Monday, June 6, 2011

Memory Lane Monday

Bonjour!

Donna at Brynwood Needleworks said we have until Monday June 6 to link up for Memory Lane Mondays and that's when I decided to do this post after all.

 I say after all, because I had thought perhaps I was posting about war too much - but, after reading her post, I thought perhaps I should - especially because her Memory post references Memorial Day...

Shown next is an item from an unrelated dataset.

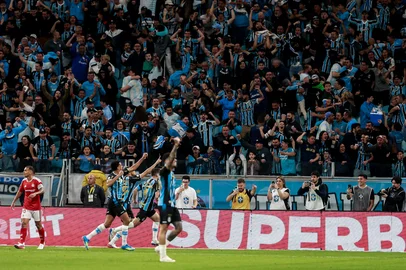 Duda Fortes / Grupo RBS PORTO ALEGRE, RS, BRASIL, 03-09-2026: Grêmio vs Internacional, clássico GreNal nº454, pelo jogo de volta das Quartas-de-Final da Copa do Brasil 2026. O jogo ocorre na Arena, em Porto Alegre. Foto: Duda Fortes/Grupo RBS<!-- NICAID(16359081) -->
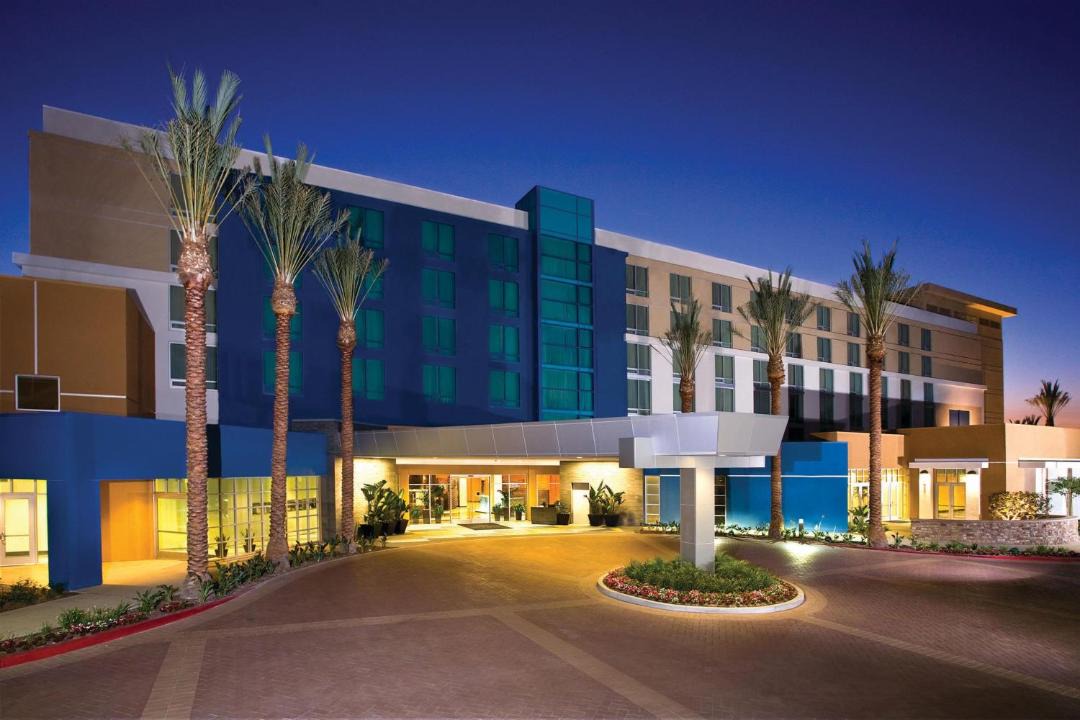Photo of Buildings in Aliso Viejo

June 6 is an important day in world history - June 6, 1944.

D Day

We have spent the last few days reflecting heavily on Operation Overlord, the "Debarquement" and it has been a sad reflection indeed. But also a proud one.
We have seen Juno Beach, Utah and Pointe du Hoc...

Today we went to Omaha.


A diplomat from the British Foreign Office once told me Juno Beach (the Canadian landing site in Normandy) was a peaceful place, where the memorial and the beach connect, and the town of Courseilles-Sur-Mer is steps away. 
An unassuming place, where the way to the beach is as you would have found it even before the war, and the museum rises out of the dunes just behind it, respectful, very Canadian. He was right.

He said Omaha is sad.

The cemetery is on the beachhead, high above the sand and crashing surf. 
It is the most meticulously cared for cemetery and memorial I have ever seen, and it is by far the saddest.

We came up the stairs from the Information Centre, turned the corner and stopped - everyone did. That first sight of the crosses is overwhelming, staggering.



You've just spent the past sixty minutes reading plaques and watching movies, all telling tales of heroism and sacrifice, brotherhood and patriotism, and you are feeling full of pride and glory and victory.

And reality comes at you swiftly, cutting you down, you fall to your knees and suddenly you can't catch your breath.

So many.

Row upon row upon row of white crosses, and when you think you must surely be coming to the end you realize you are but half way.

The rows of white crosses continue still.

I'm not sure how long we walked among the rows, looking at the names here and there, turning at this point, walking that way, in a daze, with no rhyme or reason to our meandering. 
But then Omaha defies rhyme and reason.

He was right again.

Sorrow and pride are big emotions, the biggest really. And they fill that cemetery to bursting, all 172 acres of it.

The cemetery at Omaha Beach is among the most beautiful; the men and women that were laid to rest there fought for freedom, certainly, but they also fought for more than that.
They fought for a world where people could live without fear, and in their fight they showed us that great things can be achieved by many, 
by a few,
and sometimes even by one.

We Will Remember.

Thursday, June 2, 2011

Walking in Our Own Footsteps

As much as this has been a trip about food and wine, and scenery and souvenirs, it has also been about history.
A small taste of the history of man…

We have been to the caves of Neolithic Man in Peche Merles and stared in awe at cave paintings that were done 25,000 years ago

Walked among the standing stones of the Megalithic Period in Brittany

Traipsed through the ruins of a Roman town in Vaisons Romaines



Climbed the battlements of a Chateau of the 13th century


Touched the timbers of a medieval village


Sat quietly in a church of the ages


Stood in awed silence at a monument of The Great War


and sat in saddened silence on the beaches of WWII




We have seen art and architecture; creations of man through time and been awed and inspired at every turn; I have the seen the best of man, and I have seen the worst.

When I read history books or walk through interpretive centres and museums I listen and read with interest the information that is presented. Archaeologists and scholars put much effort into deciphering the things of the past, interpreting and assigning meaning, endeavouring to give us insight into past lives and previous cultures. I listen with interest and am enthralled with what I see but I take it sometimes with a grain a salt.

I do that because all we really know of the past is what it chose to leave behind.